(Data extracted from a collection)
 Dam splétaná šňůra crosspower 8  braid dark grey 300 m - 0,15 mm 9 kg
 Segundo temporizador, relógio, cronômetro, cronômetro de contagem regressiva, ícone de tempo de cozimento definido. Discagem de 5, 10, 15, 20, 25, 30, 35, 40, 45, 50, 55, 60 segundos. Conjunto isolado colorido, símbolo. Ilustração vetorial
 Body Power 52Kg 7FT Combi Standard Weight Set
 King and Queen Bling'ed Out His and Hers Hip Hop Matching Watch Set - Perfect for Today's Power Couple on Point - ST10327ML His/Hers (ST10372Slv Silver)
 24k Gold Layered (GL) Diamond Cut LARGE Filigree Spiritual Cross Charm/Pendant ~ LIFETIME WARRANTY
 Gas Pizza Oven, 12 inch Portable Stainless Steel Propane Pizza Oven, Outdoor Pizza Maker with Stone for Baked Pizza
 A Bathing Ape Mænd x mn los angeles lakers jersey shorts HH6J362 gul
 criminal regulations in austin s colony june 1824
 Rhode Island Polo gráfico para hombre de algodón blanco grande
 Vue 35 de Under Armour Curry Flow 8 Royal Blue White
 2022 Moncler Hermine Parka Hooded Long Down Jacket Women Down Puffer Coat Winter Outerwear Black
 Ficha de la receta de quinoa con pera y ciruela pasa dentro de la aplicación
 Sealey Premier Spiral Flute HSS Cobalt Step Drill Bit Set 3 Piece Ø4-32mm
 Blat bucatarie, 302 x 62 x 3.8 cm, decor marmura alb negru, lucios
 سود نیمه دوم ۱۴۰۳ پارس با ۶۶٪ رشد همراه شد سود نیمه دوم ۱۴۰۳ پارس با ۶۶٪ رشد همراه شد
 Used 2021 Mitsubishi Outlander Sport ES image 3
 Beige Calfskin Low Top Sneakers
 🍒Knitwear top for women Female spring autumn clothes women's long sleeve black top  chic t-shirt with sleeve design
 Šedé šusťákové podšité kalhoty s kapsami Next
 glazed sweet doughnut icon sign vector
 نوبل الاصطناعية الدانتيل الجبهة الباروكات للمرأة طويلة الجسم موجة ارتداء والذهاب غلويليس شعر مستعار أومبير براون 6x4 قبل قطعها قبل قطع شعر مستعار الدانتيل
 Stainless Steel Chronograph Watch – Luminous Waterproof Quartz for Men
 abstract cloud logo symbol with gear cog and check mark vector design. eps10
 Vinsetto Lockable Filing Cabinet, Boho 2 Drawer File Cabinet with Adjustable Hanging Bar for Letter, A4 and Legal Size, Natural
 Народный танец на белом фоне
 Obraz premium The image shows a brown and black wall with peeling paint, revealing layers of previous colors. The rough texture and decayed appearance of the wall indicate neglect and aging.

• **WORK ITEM**
Each record needs to be copied out again, letter for letter.

• **TASK OUTPUT**
 Dam splétaná šňůra crosspower 8  braid dark grey 300 m - 0,15 mm 9 kg
 Segundo temporizador, relógio, cronômetro, cronômetro de contagem regressiva, ícone de tempo de cozimento definido. Discagem de 5, 10, 15, 20, 25, 30, 35, 40, 45, 50, 55, 60 segundos. Conjunto isolado colorido, símbolo. Ilustração vetorial
 Body Power 52Kg 7FT Combi Standard Weight Set
 King and Queen Bling'ed Out His and Hers Hip Hop Matching Watch Set - Perfect for Today's Power Couple on Point - ST10327ML His/Hers (ST10372Slv Silver)
 24k Gold Layered (GL) Diamond Cut LARGE Filigree Spiritual Cross Charm/Pendant ~ LIFETIME WARRANTY
 Gas Pizza Oven, 12 inch Portable Stainless Steel Propane Pizza Oven, Outdoor Pizza Maker with Stone for Baked Pizza
 A Bathing Ape Mænd x mn los angeles lakers jersey shorts HH6J362 gul
 criminal regulations in austin s colony june 1824
 Rhode Island Polo gráfico para hombre de algodón blanco grande
 Vue 35 de Under Armour Curry Flow 8 Royal Blue White
 2022 Moncler Hermine Parka Hooded Long Down Jacket Women Down Puffer Coat Winter Outerwear Black
 Ficha de la receta de quinoa con pera y ciruela pasa dentro de la aplicación
 Sealey Premier Spiral Flute HSS Cobalt Step Drill Bit Set 3 Piece Ø4-32mm
 Blat bucatarie, 302 x 62 x 3.8 cm, decor marmura alb negru, lucios
 سود نیمه دوم ۱۴۰۳ پارس با ۶۶٪ رشد همراه شد سود نیمه دوم ۱۴۰۳ پارس با ۶۶٪ رشد همراه شد
 Used 2021 Mitsubishi Outlander Sport ES image 3
 Beige Calfskin Low Top Sneakers
 🍒Knitwear top for women Female spring autumn clothes women's long sleeve black top  chic t-shirt with sleeve design
 Šedé šusťákové podšité kalhoty s kapsami Next
 glazed sweet doughnut icon sign vector
 نوبل الاصطناعية الدانتيل الجبهة الباروكات للمرأة طويلة الجسم موجة ارتداء والذهاب غلويليس شعر مستعار أومبير براون 6x4 قبل قطعها قبل قطع شعر مستعار الدانتيل
 Stainless Steel Chronograph Watch – Luminous Waterproof Quartz for Men
 abstract cloud logo symbol with gear cog and check mark vector design. eps10
 Vinsetto Lockable Filing Cabinet, Boho 2 Drawer File Cabinet with Adjustable Hanging Bar for Letter, A4 and Legal Size, Natural
 Народный танец на белом фоне
 Obraz premium The image shows a brown and black wall with peeling paint, revealing layers of previous colors. The rough texture and decayed appearance of the wall indicate neglect and aging.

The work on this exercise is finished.